Plant Profile

Plant Profile: Afikey Maim Facility

Afikey Maim Facility is the first brackwish water reverse osmosis reclamation plant in Israel

July 21, 2021
4 min read

About the author:

Cristina Tuser is associate editor for WWD. Tuser can be reached at [email protected]

Location: Emek Hayarden, Israel

Size: 280 m3/h

Equipment: Primary clarifiers, sand filter, lamella clarifier, micronic filter, ultrafilter, reverse osmosis system

A leader in water technology after solving its own water crisis, Israel launched The Afikey Maim Facility, the country’s first brackish water reverse osmosis (BWRO) reclamation plant. Israel went from being in the middle of its worst drought in 100 years, to maintaining a surplus of water, a feat obtained through a mixture of water conservation and reuse campaigns and desalination plants.

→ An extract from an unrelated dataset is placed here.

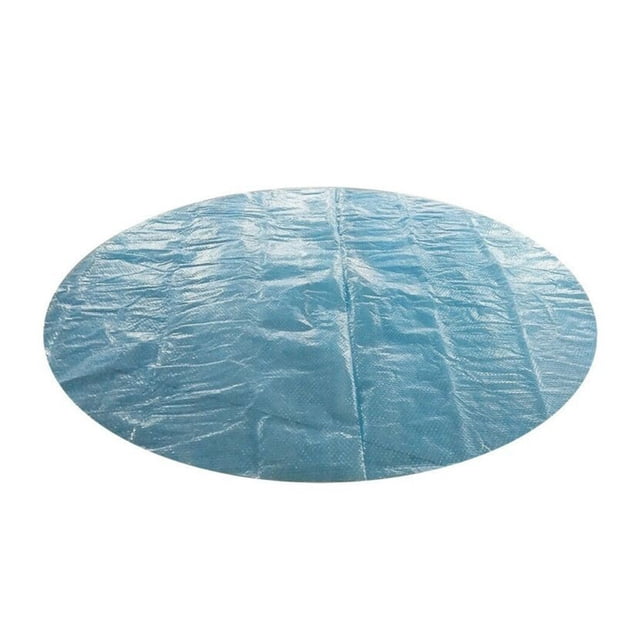 Langgg Round Reusable Inflatable Pool Cover Insect -proof Dust -proof Ground Pool Solar Blanket No.01 1Set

The Afikey Maim Facility reuses water from the southern Jordan River in Israel’s Gilboa area. This river is a mixture of brackish water streams around the Sea of Galilee and wastewater that comes from municipalities and fish ponds. This pollution ultimately limits the ability to use the water for agricultural purposes. Even more, the amount of organic matter and algae in this water makes treatment particularly challenging.

Pretreatment Challenges

The main challenges for the water facility during treatment occur during pretreatment before reverse osmosis (RO).

The facility provides approximately 280 cubic meters per hour (2,000,000 cubic meters per year) of high-quality water for agriculture and industrial use in Israel’s Gilboa area, in addition to approximately 70 m³/h of brine to be used for fish farming ponds.

“The pretreatment has to be very intense in order to overcome all of the suspended solids, organics and algaes that can pretty much fluctuate throughout the year,” said Tomer Efrat, director of business development & product management for IDE Technologies, which oversaw the design, construction and operation of the facility. “During the summer, when it’s hot, you can find many more algae, and during the winter we have rain, so the capacity has to be much higher, so it’s all about stability in this facility.”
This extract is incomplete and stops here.